Forget taking your tablet along with your for a long car ride, how about using the actual windows of your car like a tablet? Sounds like something out of a movie right?
For now, it is, but if General Motors Research and Development and students from the FUTURE LAB at Bezalel Academy of Art and Design in Israel have anything to say about it, we might just start seeing this technology show up in real-life sooner than later.
GM tasked the students with building a concept that would allow for backseat passengers, they say kids but I think we can all agree that people of any age would enjoy this technology, to better enjoy the time spent on the road.
And thus, the Windows of Opportunity Project, known by its acronym, WOO, was born.
The project called for the students to “turn car windows into interactive displays capable of stimulating awareness, nurturing curiosity and encouraging a stronger connection with the world outside the vehicle.”
Tom Seder, GM R&D lab group manager for human-machine interface, takes it a step further and adds:
Advanced windows that are capable of responding to vehicle speed and location could augment real world views with interactive enhancements to provide entertainment and educational value.
Unfortunately, GM has no immediate plans to put this kind of technology into production models of cars.

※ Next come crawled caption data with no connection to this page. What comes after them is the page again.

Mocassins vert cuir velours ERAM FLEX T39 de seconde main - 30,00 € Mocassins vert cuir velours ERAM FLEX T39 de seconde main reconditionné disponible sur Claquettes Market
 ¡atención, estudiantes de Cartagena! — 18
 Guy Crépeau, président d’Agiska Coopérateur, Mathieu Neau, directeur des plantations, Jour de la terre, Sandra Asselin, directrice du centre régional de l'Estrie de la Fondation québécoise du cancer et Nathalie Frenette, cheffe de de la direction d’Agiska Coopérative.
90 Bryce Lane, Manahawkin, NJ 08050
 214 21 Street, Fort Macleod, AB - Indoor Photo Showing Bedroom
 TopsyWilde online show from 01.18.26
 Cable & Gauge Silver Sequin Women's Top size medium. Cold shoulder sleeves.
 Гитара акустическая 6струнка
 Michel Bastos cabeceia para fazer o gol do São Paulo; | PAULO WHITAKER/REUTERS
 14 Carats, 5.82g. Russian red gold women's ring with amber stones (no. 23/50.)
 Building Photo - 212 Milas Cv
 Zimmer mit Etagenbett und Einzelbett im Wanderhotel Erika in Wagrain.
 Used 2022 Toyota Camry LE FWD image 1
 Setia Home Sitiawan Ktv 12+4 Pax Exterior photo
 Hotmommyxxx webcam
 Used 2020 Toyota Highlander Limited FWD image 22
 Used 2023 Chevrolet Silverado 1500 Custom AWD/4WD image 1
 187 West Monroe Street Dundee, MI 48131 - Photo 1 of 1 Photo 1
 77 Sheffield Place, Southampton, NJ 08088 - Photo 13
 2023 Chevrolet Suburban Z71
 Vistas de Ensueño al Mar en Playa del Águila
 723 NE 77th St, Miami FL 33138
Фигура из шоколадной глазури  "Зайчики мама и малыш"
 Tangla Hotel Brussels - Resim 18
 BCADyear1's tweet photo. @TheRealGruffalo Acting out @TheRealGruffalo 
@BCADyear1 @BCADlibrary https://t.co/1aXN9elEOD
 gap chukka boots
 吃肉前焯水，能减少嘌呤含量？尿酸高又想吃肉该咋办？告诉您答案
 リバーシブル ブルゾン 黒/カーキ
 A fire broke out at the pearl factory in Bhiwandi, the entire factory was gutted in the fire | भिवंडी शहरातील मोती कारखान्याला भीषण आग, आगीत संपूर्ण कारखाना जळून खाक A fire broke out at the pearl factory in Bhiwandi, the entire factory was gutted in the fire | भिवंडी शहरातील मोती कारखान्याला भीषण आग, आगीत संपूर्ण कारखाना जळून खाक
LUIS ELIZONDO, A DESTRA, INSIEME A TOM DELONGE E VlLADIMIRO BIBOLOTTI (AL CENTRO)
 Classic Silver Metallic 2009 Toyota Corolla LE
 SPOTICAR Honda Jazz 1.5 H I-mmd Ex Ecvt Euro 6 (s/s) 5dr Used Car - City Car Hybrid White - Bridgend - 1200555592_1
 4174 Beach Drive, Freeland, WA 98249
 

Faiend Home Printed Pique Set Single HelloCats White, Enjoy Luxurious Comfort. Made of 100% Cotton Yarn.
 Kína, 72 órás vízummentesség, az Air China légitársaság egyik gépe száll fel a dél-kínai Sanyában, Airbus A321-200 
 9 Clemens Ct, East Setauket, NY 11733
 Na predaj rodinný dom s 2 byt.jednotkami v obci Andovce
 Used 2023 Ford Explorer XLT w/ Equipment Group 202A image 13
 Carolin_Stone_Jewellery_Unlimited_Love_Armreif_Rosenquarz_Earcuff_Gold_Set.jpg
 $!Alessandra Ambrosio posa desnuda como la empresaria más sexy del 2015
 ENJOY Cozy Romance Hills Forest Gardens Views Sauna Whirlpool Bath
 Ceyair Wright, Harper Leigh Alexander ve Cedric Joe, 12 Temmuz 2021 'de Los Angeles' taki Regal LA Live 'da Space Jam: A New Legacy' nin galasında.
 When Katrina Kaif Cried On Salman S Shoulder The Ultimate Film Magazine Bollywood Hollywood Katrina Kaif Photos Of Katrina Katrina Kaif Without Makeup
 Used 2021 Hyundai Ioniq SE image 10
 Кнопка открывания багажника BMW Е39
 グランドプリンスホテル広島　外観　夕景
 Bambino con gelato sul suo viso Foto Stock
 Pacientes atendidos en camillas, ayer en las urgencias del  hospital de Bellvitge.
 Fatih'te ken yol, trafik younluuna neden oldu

But, that being said, it did allow for the students to get creative with their applications since there are no limitations.
Here is what they came up with:
- Otto, an animated character projected over passing scenery that responds to real-time car performance, weather and landscape. With Otto, passengers can learn about their environment in fun, playful ways.
- Foofu, an app that allows passengers to create, explore and discover through finger drawing on window steam.
- Spindow, an app that provides its users a peek into other users’ windows around the globe in real time.
- Pond, an app that allows passengers to stream and share music with other cars on the road, downloads favorite tracks, and share messages with other passengers on the road.
Yeah, just a bit cooler than the small television screens that some cars currently boast inside the cabin. And lucky for us, the students were able to create a full-functioning prototype to show off these applications, which you can see in the video.
We might be a ways off from seeing these things on the road, but boy, does the future look bright.